The upsurge began 10 June when only a few dozen students staged a protest on the University of Tehran campus against plans to privatize the public universities. Their numbers grew to around 150 as they left the campus. Marching through "University Alley," they started to chant anti-regime slogans. Almost immediately they were attacked by the regime's Hezbollah paramilitary thugs, and undercover police and anti-insurgency forces. Instead of being intimidated, the students fought back, engaging in running skirmishes with their attackers. The students were surprised and delighted when very quickly local residents came out of their houses. Telephones started ringing in different corners of the city to inform others that the students at the University of Tehran needed help. Cars started blowing their horns and moving towards the university. Thousands of people, perhaps tens of thousands, joined in the protests. The regime's so-called Revolutionary Guards (Pasdaran) tried to block the streets that led to the university campus, but they and the Hezbollah were surrounded by the determined students and people in general. The students chanted, "People, People, Support Us"; and the people chanted, "Students, Students, We Support You" and "Students, People, Fight the Regime." The two sides built barricades and joined forces. Tremendous unity and street fighting ensued. The Hezbollah ran, seeking to escape through alleys and passageways whilst being chased by the people. Many of them received a real beating from the masses. The clashes continued for eight full hours. According to the official report, 80 students were arrested.
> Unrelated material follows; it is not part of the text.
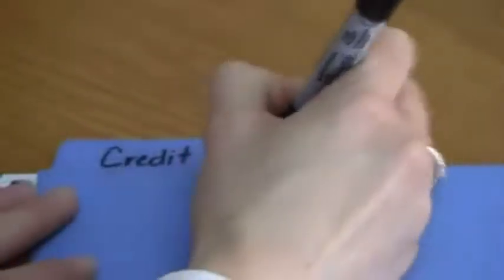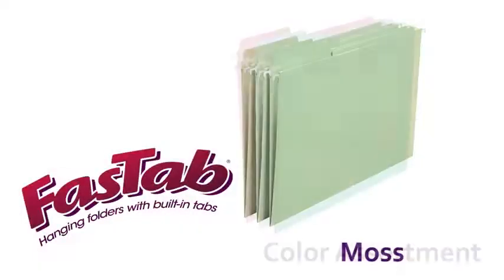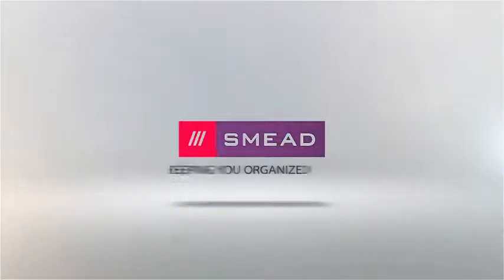they are easy to label by either handwriting directly on the tab or by applying self-adhesive labels. Available in moss and a color assortment. File faster using FasTab from Smead, keeping you organized.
A statement issued by the Communist Party of Iran (Marxist-Leninist-Maoist) reported that the protesters' slogans targeted the whole regime and all its factions. They included "Down with the Islamic Republic, Death to Khamenei" (the "Supreme Leader" of the Islamic Republic), "Khatami, Damn your Deception" (referring to Iranian President Khatami, a reformist elected several years ago who millions now feel has failed to change anything), "Molotov cocktails today, burning mullahs tomorrow" (the mullahs are the religious tyrants who rule Iran) and "People stand up, Iran has become Palestine."

Many cars and motorcycles belonging to the repressive forces were set on fire; banks and state buildings were attacked and damaged in anger at the state.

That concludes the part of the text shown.